>>>>

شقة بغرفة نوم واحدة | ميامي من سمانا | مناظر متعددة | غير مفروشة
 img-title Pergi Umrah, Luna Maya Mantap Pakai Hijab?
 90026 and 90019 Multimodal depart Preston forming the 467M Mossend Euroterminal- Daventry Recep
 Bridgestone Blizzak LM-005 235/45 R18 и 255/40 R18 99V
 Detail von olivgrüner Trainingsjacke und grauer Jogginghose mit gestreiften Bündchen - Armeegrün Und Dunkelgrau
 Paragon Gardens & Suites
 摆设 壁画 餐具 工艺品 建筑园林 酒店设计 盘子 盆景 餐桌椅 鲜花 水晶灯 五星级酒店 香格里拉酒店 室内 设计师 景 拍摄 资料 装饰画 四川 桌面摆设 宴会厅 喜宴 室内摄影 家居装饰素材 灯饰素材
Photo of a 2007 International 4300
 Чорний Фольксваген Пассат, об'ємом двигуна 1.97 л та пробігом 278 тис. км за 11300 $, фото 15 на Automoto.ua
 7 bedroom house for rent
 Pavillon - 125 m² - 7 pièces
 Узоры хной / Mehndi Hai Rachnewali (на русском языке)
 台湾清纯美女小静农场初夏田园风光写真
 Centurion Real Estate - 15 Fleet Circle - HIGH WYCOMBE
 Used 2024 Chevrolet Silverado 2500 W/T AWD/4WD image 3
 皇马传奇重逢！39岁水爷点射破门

<<<<

## What to do
Repeat, with no changes, each line from the one with "Pavillon - 125 m² - 7 pièces" to the end of the listing, including both ends and nothing else.

## Result below
 Pavillon - 125 m² - 7 pièces
 Узоры хной / Mehndi Hai Rachnewali (на русском языке)
 台湾清纯美女小静农场初夏田园风光写真
 Centurion Real Estate - 15 Fleet Circle - HIGH WYCOMBE
 Used 2024 Chevrolet Silverado 2500 W/T AWD/4WD image 3
 皇马传奇重逢！39岁水爷点射破门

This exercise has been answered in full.